Performance issue vs Cocos2d-x v3.17

Yehsam23 commented 1 year ago

Download Test Project: TestClip.zip

The following tests were conducted using an Android HTC U11 Plus with the build release APK.

When using 200 ClippingNode and Sprite, there is a significant difference in performance between Axmol and Cocos2d-x v3.17. Axmol's FPS is approximately 9-10, while Cocos2d-x v3.17's FPS is approximately 37-40.

Axmol: ax_clip

Cocos2d-x v3.17: v3_clip

When using 4000 Sprites with SpriteA->SpriteB->SpriteA->SpriteB repeating pattern, Axmol's FPS is approximately 28-30, while Cocos2d-x v3.17's FPS is approximately 38-39.

Axmol: ax_sprite

Cocos2d-x v3.17: v3_sprite

As can be seen from the above, there is a significant performance difference when using ClippingNode. According to experiment #1094, it is indeed a problem with Cocos2d-x v4.

Cocos2d-x v4 also had a similar issue initially. issue

I know that Axmol is a fork from Cocos2d-x-4.0. While it may be unfair to compare its performance to Cocos2d-x v3.17, I also hope to find ways to improve its performance.

aismann commented 1 year ago

@Yehsam23 Please make an "official cpp-test" on clipping section too. -> It can help to detect "issues" with changes in the future too

Yehsam23 commented 1 year ago

@aismann Is to submit a Pull Request directly in "cpp-tests" to add a clipping node performance test?

aismann commented 1 year ago

@aismann Is to submit a Pull Request directly in "cpp-tests" to add a clipping node performance test?

Yes. thas what I mean (Your test scenario will be part of regular tests then)

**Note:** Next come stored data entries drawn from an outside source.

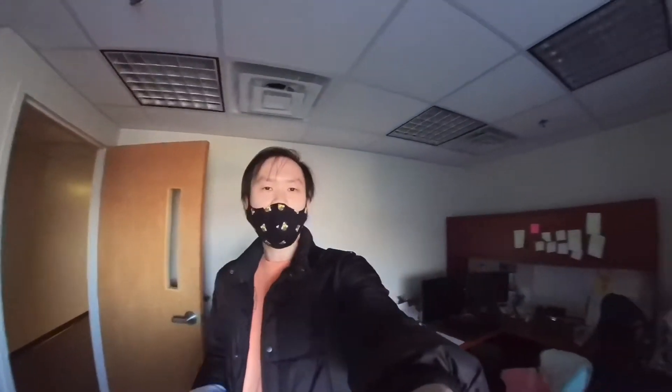I'm here in my office and you can see that it's a little dark, but it's got a nice big window. I did not turn on the lights, so we'll see what a picture looks like in this type of environment.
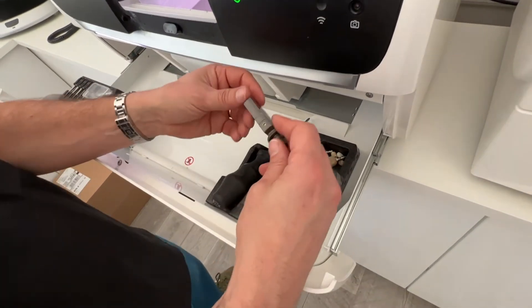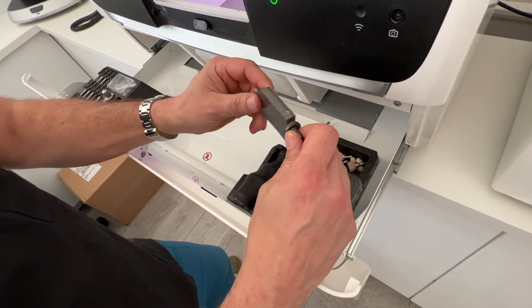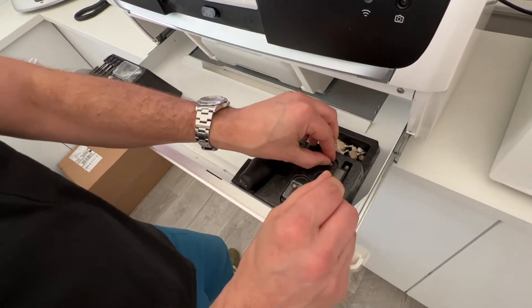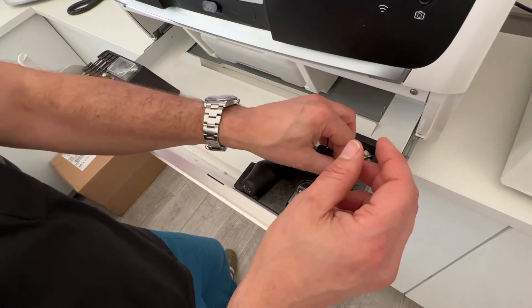Importantly here also we have a calibration tool. Make sure you use the correct calibration tool for the machine as well — don't get them mixed up. And then we have the little sensors here that we use instead of burrs when we do the calibrations.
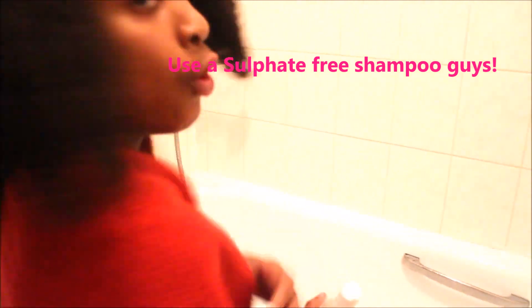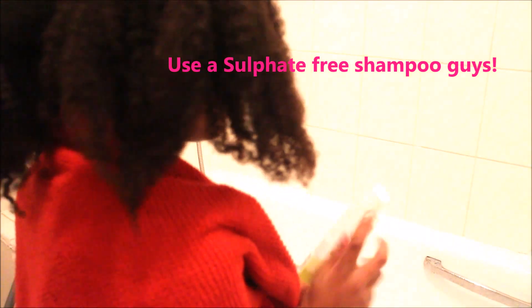I've got a towel around me because this could get a bit wet, and I'm going to squeeze a bit of shampoo into my hand. A decent amount out there, put a bit of water on it — one section at a time — and I'm just going to rub it between my hands.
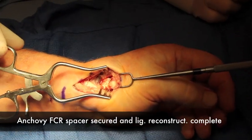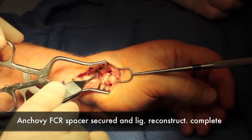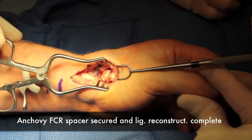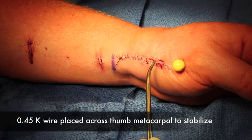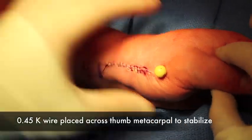Here the spacer has been placed and sutured into place. The radial artery is in the background and now there's a spacer between the bones. The wound has been sutured and a K-wire has been placed for stability.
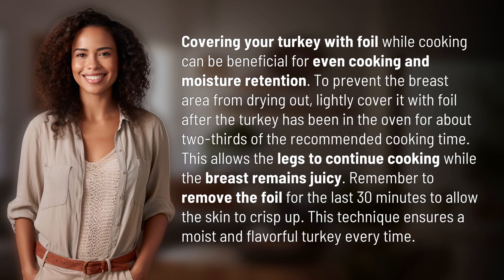Remember to remove the foil for the last 30 minutes to allow the skin to crisp up. This technique ensures a moist and flavorful turkey every time.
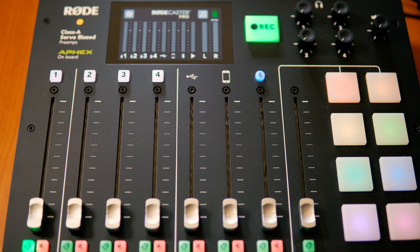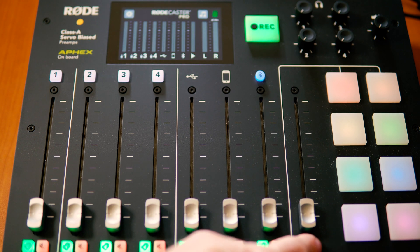It's now available on the Rodecaster Pro with version 2.0 of the firmware. Just hit one of the solo buttons and you will have available to you whatever is on that channel, even when the fader's down, at the exact volume that it will be when it goes out. So great for making sure your levels are good and everything like that.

aismann commented 1 year ago

This is on my machine (win11, 64b, VS22):

rh101 commented 1 year ago

This is on my machine (win11, 64b, VS22):

The result is only meaningful when compared to the performance of Cocos2d-x v3.17, as it is the difference in performance of the OpenGL renderer in Cocos2d-x v4/Axmol that is the issue. Do you have the result of this test on Cocos2d-x v3.17 using the exact same setup to compare?

On a mobile device, using the renderer in Cocos2d-x/Axmol, there is a limit on how many draw calls would be reasonable, and that limit is largely dependent on what the app is rendering. Anything over a few hundred draw calls cannot be expected to perform well using the current rendering implementation, but the important question here is why there is such a big difference between Cocos2d-x v3.17 and Cocos2d-x v4/Axmol when using OpenGL.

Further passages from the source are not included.